Problem description. Only the lines from the start of the data through the one containing "HCIDNLI LED Outdoor" belong in your answer; return them exactly.

Recorded information.

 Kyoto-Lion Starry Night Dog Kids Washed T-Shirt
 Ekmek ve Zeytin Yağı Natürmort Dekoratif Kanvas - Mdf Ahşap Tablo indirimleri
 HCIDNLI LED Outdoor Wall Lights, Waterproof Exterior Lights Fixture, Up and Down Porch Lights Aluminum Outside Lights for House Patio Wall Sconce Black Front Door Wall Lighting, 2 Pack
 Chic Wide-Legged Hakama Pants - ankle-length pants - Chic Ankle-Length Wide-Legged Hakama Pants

Answer to this task.
 Kyoto-Lion Starry Night Dog Kids Washed T-Shirt
 Ekmek ve Zeytin Yağı Natürmort Dekoratif Kanvas - Mdf Ahşap Tablo indirimleri
 HCIDNLI LED Outdoor Wall Lights, Waterproof Exterior Lights Fixture, Up and Down Porch Lights Aluminum Outside Lights for House Patio Wall Sconce Black Front Door Wall Lighting, 2 Pack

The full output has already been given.